The killings — and there have been scores since IS blitzed across Iraq and Syria to capture large swaths of land in the summer of 2014 — are meant to spread terror and intimidate opponents. Many have been captured on camera, with the gruesome videos later posted on social media sites.
In 2014, a woman was stoned to death after IS charged her with adultery. Last year, the group put a Jordanian pilot inside a metal cage, then set him on fire, apparently also in Raqqa. The Islamic State has also posted images of beheadings of captured foreigners, journalists and aid workers, including Americans, British and those of other nationalities.
According to the Britain-based
Syrian Observatory for Human Rights, which tracks the Syrian conflict,
20-year-old IS fighter Ali Sakr killed his mother in a public square in
Raqqa on Thursday.
The
Observatory said the woman, Lina Qassem, who was in her 40s, was
originally from Syria's coastal region but had been living in the
northern town of Tabqa for more than 20 years. The group said she was
trying to convince her son to leave the extremist group and flee Raqqa
but he in turn informed IS on her.
Abu Mohammed, a member of a Raqqa-based activist group that reports on IS, known as Raqqa is Being Slaughtered Silently, also reported the killing on his Twitter account. The Observatory said it took place near the local post office building, where Qassem worked.

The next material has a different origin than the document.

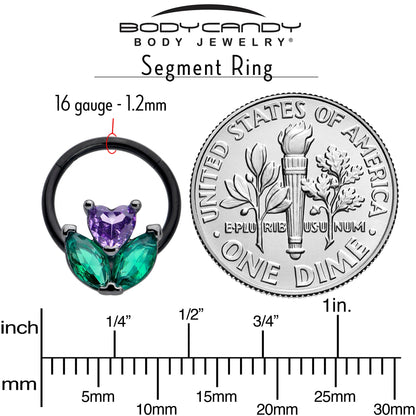 16G 3/8 Purple Green CZ Gem Black Love Flower Hinged Segment Ring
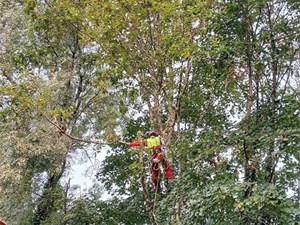¿Por qué es importante emplear anclajes adecuados a cada árbol en la poda en altura?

Meanwhile, clashes in Iraq between a joint Turkish-Iraqi force and Islamic State militants near a training camp outside the northern city of Mosul left at least 18 IS fighters dead, the Turkish president and a former Iraqi governor said Friday.
The
fighting erupted late on Thursday outside the Bashiqa camp, which was
at the center of a controversy last month when Turkey moved troops there
to protect Turkish trainers aiding local Sunni fighters hoping to take
back Mosul from the Islamic State group.
Baghdad
has demanded that Turkish troops withdraw, describing their presence as
a violation of international law. Ankara has pulled some troops out but
not all.
Turkish President
Erdogan said on Friday that IS tried to infiltrate Bashiqa, triggering
the clashes. Former Iraqi governor Atheel al-Nujaifi, who founded the
training camp, said the attack was pre-empted.
But
the commander of the training camp, Maj Gen. Mohammed Yahya, told The
Associated Press that he was at the camp on Thursday night and there
were no such clashes.
"There were airstrikes on IS targets, but there's always airstrikes. Our troops were not involved in any fighting," he insisted.
A
commander with the Iraqi Kurdish peshmerga forces at the frontline near
the training camp said airstrikes killed 16 IS fighters there on
Thursday night. The commander, Saeed Mamuzini, said he was not aware of
any fighting between the Sunni-Turkish forces and the IS group.
The disparate accounts of the events Thursday night could not immediately be reconciled.